常玉作品揉合中國文人畫與西方現代藝術的風格,發展出獨特的表現方式。早期初抵巴黎時,常玉接觸到異國的浪漫情調,色彩以粉紅、白色與黑色為主,畫面典雅恬淡,形式簡約,並且運用書法性線條,傳達出愉悅情感。漸漸地因戰事瀕臨,家道中落,常玉的心境顯然不再輕鬆;雖然灑脫個性依舊,作品卻添染淡淡憂鬱。進入五、六○年代的常玉更鍾情漆器般的漆黑,在深色背景中勾勒出簡單的線條,構圖大膽,主題仍偏愛裸女、花卉、風景、小動物等。晚年潦倒落魄,趨於濃烈的懷鄉愁緒傾瀉畫面之上;威武的野獸在遼闊天地間顯得渺小而孤寂,栽種在瓶、盆中的花木纖弱而冷清,將常玉的心境表露無遺。
Born in Szechuan, China
Sanyu first attended the Shanghai Art Academy, and went to Japan in 1901. The following year, he went to France among China’s very first batch of oversea students under the sponsorship of the Chinese government. After he finished school, Sanyu remained in Paris, where he engaged in figure drawing at the Grande Chaumière. Beginning in 1925, Sanyu showed his work regularly at the Paris Salons and local galleries. In his early 30s, Sanyu garnered recognition for his copperplate prints in Les Poèmes de T'ao Ts'ien (or The Poems of T'ao Ts'ien), and gradually established his status among France’s major contemporary artists. His restrained approach to painting imbued with a rich Oriental flavor caught the attention of renowned Paris art collector Henri-Pierre Roché, and received praise from his contemporaries. Since he passed away in Paris in 1966, the National Museum of History in Taipei has held six retrospectives of Sanyu (respectively in 1978, 1984, 1990, 1995, 2001, and 2017). In 2004, the Guimet Museum of Asian Art in France held the exhibition Sanyu: L'écriture du corps: Language of the Body.

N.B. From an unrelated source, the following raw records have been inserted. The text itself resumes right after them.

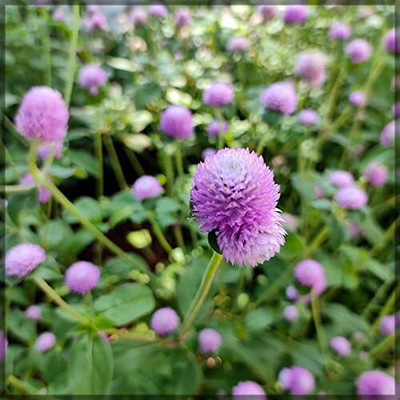 Aywal Gomphrena White / Globe amaranth / Gomphrena globosa White Flower Seed(40 per packet)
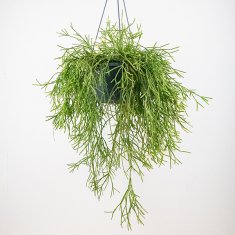 ハンギング特集 - 観葉植物・多肉植物・塊根植物の通販・ネットショップ｜the Farm UNIVERSAL ONLINE STORE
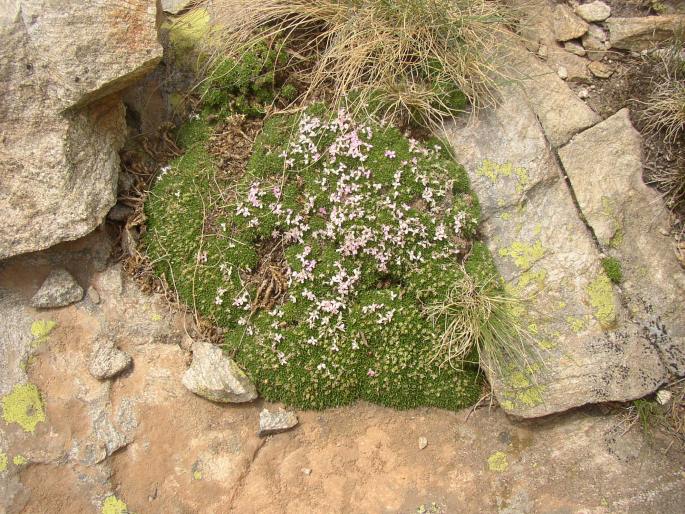 Silene acaulis subsp. bryoides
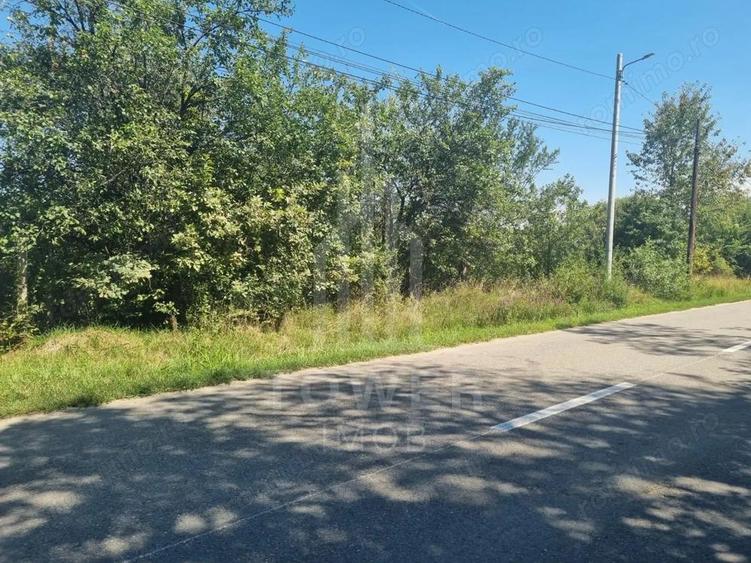 EXCLUSIVITATE! Teren la ?oseaua principala | Tocile - 8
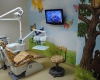 Мультфильмы помогают стоматологам лечить детей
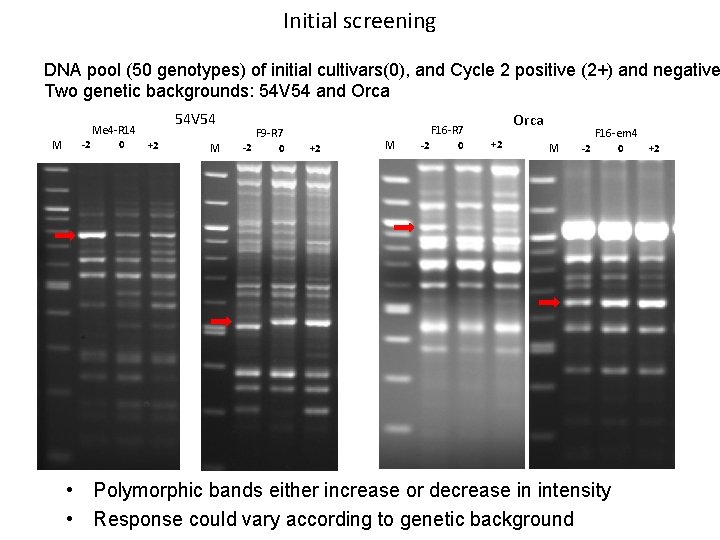 Initial screening DNA pool (50 genotypes) of initial cultivars(0), and Cycle 2 positive (2+)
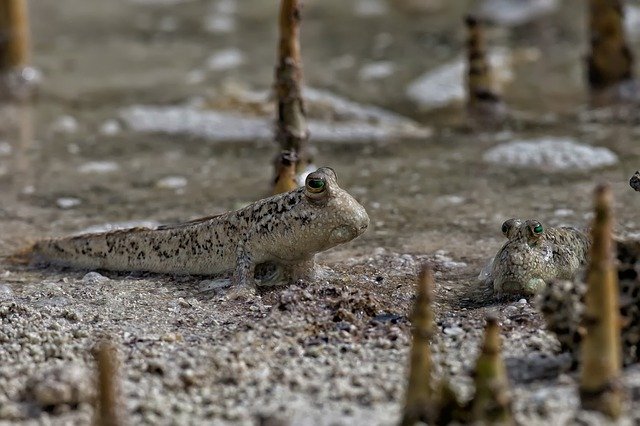 Which Creatures Take To The Mud?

Marrying the qualities of Chinese literati painting and Western modern art, Sanyu developed a unique style of expression. In the days when he first arrived in Paris, Sanyu was intoxicated by the romantic milieu of the exotic city, which inspired his basic palette of pink, white, and black, lending his work a clean elegance rendered by joyous calligraphic lines. However, with the onset of World War II and the decline of his family’s financial fortunes, the levity evident in his earlier body of work disappeared. And although his characteristic aloofness remained, his work eventually took on a touch of gloom. Later, Sanyu found additional inspiration in lacquerware, injecting healthy doses of folk art into his work, where he teased out simple lines against dark backgrounds in bold compositions, featuring such themes as nudity, scenery, flowers, and animals. In his later years, impoverished and forlorn, the artist saw his nostalgia cascading into his paintings, where small, isolated creatures appear lost and lonely, and even the flowers in vases and pots seem wistfully frail.